ST. CLOUD, Fla. — State and Osceola County leaders have no idea where liquid waste is going after it seeps through a coal-ash dump near Holopaw.

The last tank full of leachate rolled into St. Cloud’s wastewater plant at 5 p.m. Monday.

In April, Osceola County commissioners voted to allow Waste Connections to dump coal ash from Puerto Rico at the company’s landfill, a decision that has drawn protests.

Last week, city leaders voted to stop accepting the leachate at the St. Cloud wastewater facility.

Waste Connections said Friday the company has other private contracts with wastewater facilities, though it would not say where.

An official with a wastewater facility in Okeechobee County said someone representing the landfill came to him last week wanting to know if the landfill could take the leachate.

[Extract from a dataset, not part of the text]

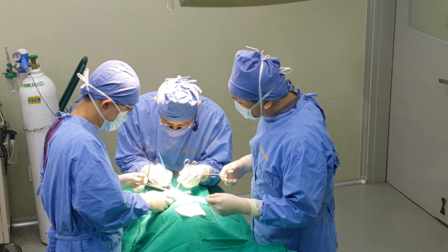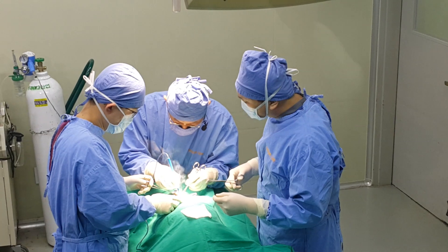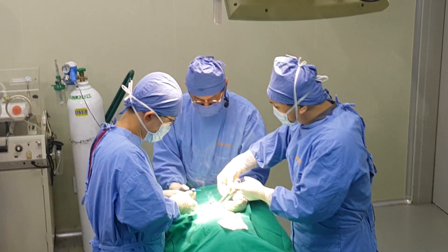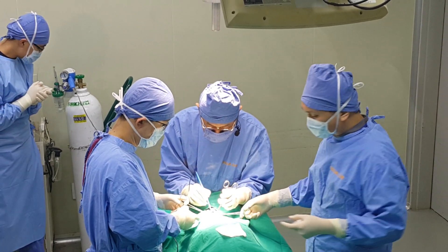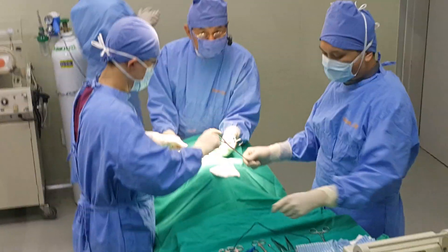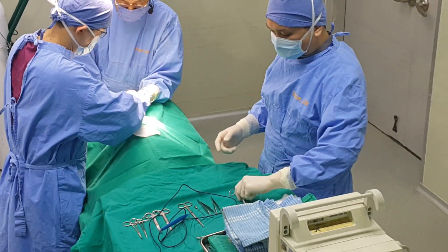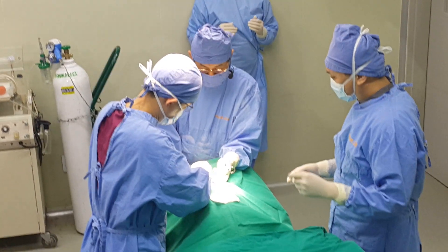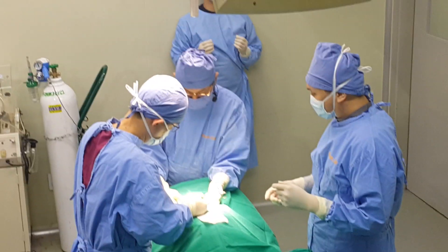We will transfer the embryos. If you can see the video on the screen, those are the cloned embryos that we will transfer into the surrogate mother. Essentially he's putting the embryos into the mother — not taking them out. This is the implantation procedure.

"There are things that we would have to go through and analyze and look at long before we entered into any kind of formal arrangement with the landfill in taking their leachate,” said John Hayford, Okeechobee Utility Authority executive director.

Hayford said he wants to know how much leachate is coming and how dirty it is. He said a small plant such as his can only handle so much, and he can’t have toxic metals tainting the water and biosolids he passes on to local farmers.

"There's not much to say since we haven't had any of those formal discussions with them,” he said.

With St. Cloud now out of the cleaning business, Osceola County’s embattled leaders caught another earful at a meeting Monday.

“We need to act on this now. St. Cloud took the first step last week. Now, I’m asking the county to follow suit,” said Mikala Wells, an Osceola County resident.